Work instructions:
For the material that follows, return exactly the lines from the one with "Starealm agency's server" through the one with "Supersimturile", both ends included.

Records for the task:
——————————
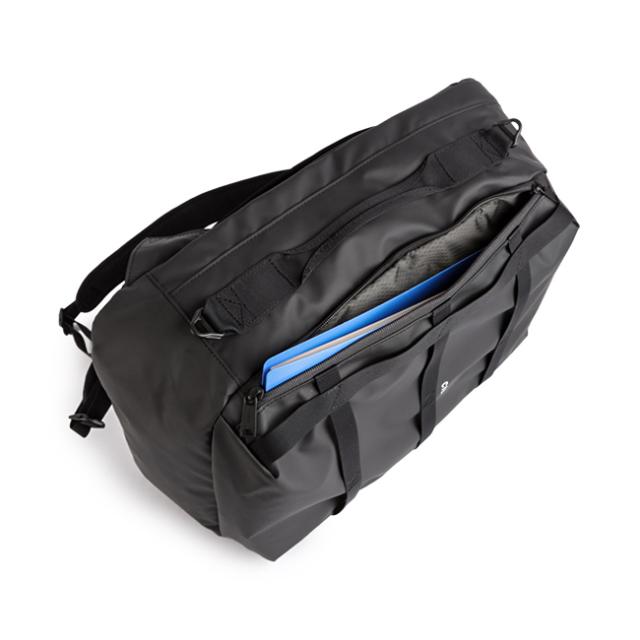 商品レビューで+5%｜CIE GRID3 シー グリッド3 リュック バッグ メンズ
——————————
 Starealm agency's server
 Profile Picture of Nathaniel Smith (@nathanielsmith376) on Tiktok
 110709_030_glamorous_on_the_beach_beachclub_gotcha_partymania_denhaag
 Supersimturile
——————————
Your solution:
 Starealm agency's server
 Profile Picture of Nathaniel Smith (@nathanielsmith376) on Tiktok
 110709_030_glamorous_on_the_beach_beachclub_gotcha_partymania_denhaag
 Supersimturile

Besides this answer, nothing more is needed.